*Exercise*. From the listing below, please restate exactly the lines beginning at the one with "Elmas Montür Siyah" and ending at the one with "Rhinestone Full Evening", both included, and skip the pictures.

*Exercise data*.
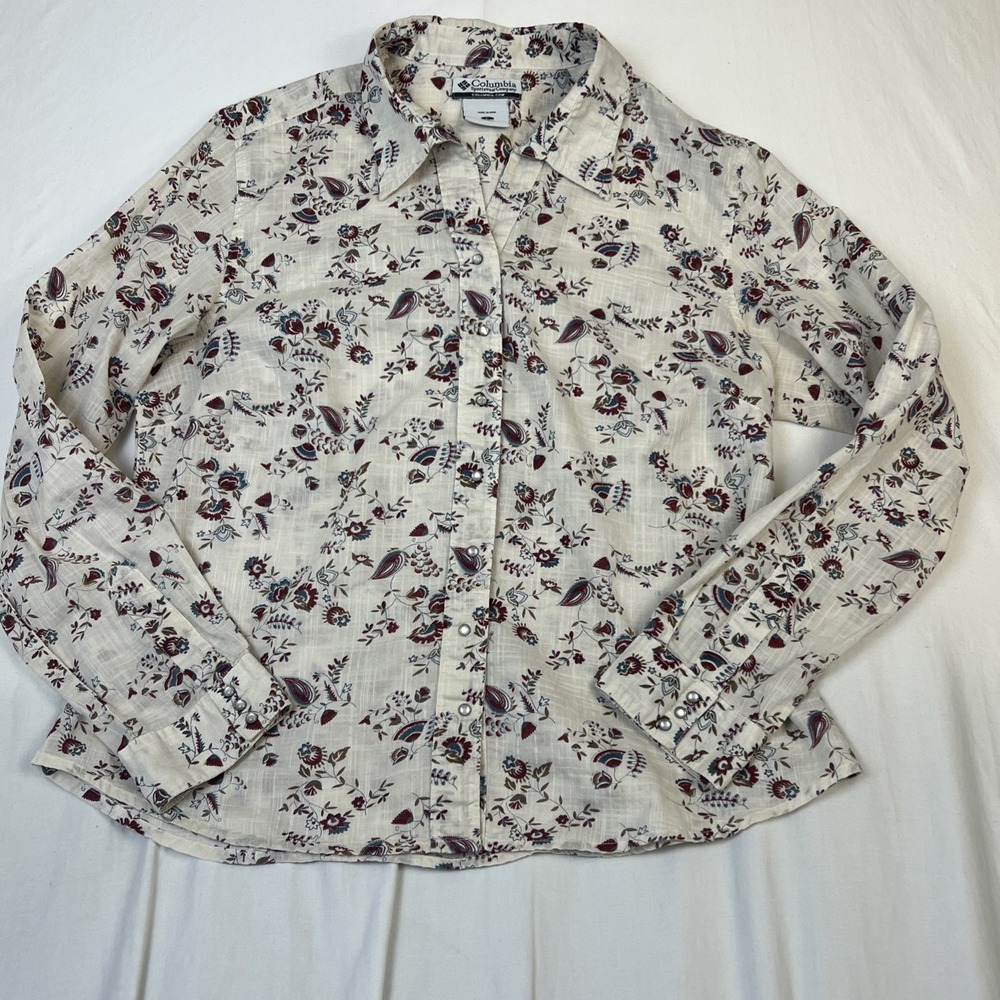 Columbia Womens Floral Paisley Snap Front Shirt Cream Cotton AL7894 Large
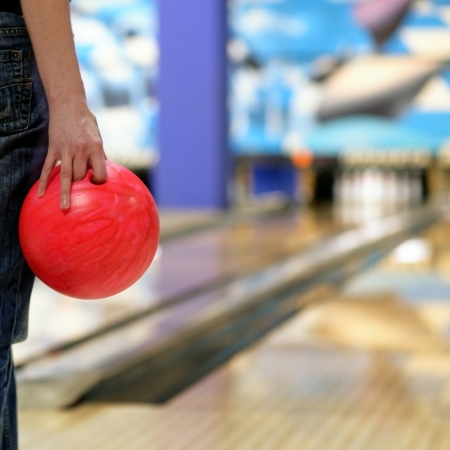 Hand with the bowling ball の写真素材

...

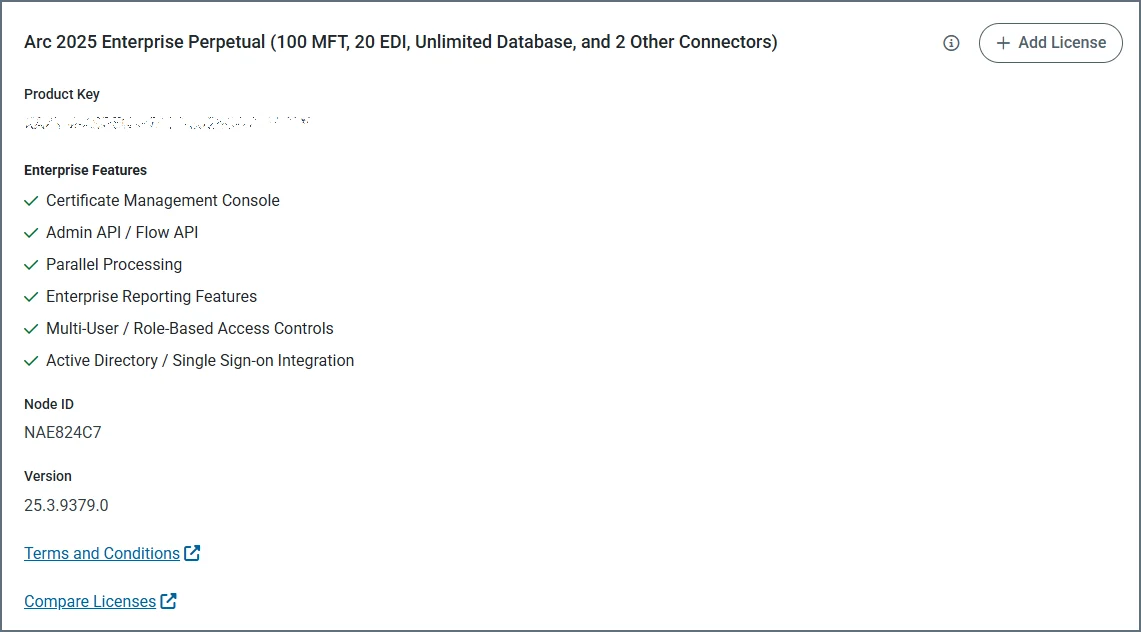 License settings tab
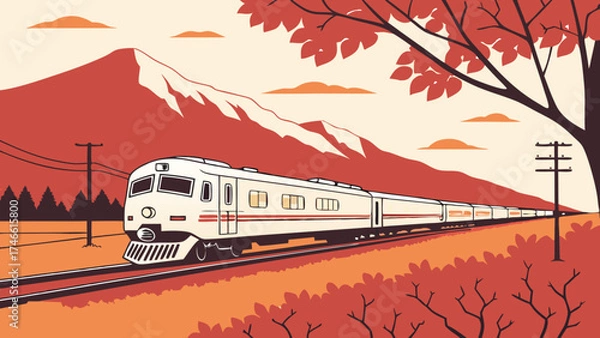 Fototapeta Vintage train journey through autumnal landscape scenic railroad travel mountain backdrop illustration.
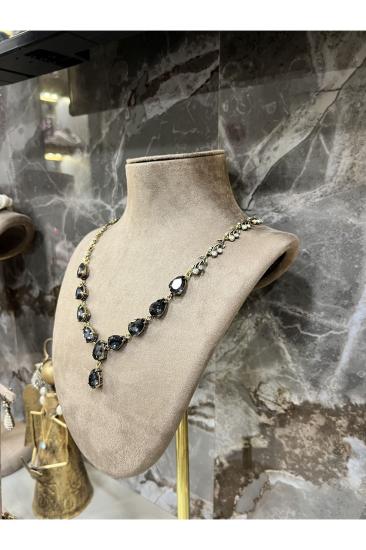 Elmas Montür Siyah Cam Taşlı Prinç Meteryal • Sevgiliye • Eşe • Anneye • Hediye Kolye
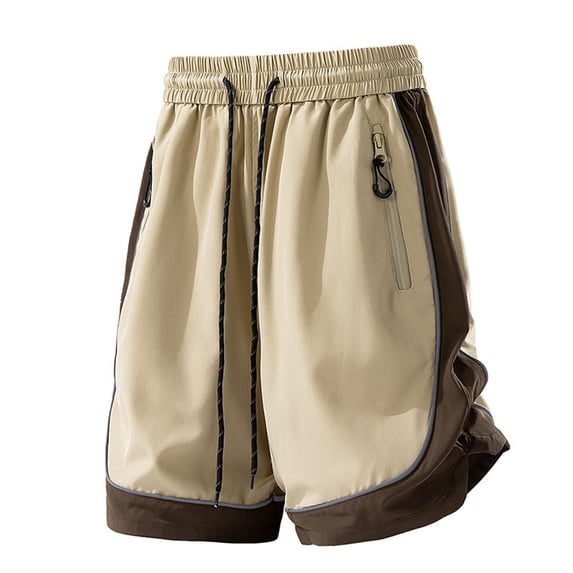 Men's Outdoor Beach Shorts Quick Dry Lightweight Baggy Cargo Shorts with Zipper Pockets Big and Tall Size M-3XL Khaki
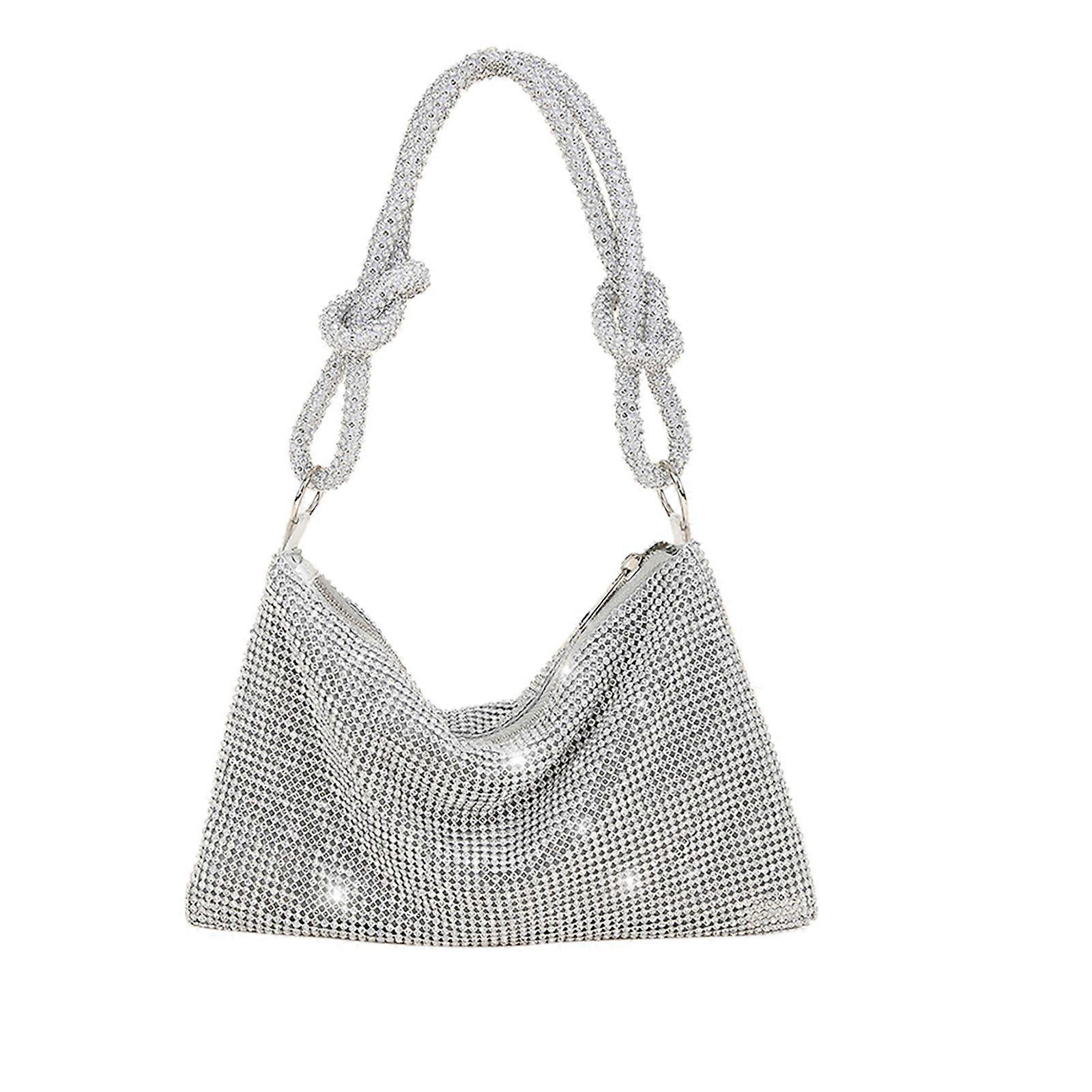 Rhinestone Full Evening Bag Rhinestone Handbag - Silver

*Result for this task*.
 Elmas Montür Siyah Cam Taşlı Prinç Meteryal • Sevgiliye • Eşe • Anneye • Hediye Kolye
 Men's Outdoor Beach Shorts Quick Dry Lightweight Baggy Cargo Shorts with Zipper Pockets Big and Tall Size M-3XL Khaki
 Rhinestone Full Evening Bag Rhinestone Handbag - Silver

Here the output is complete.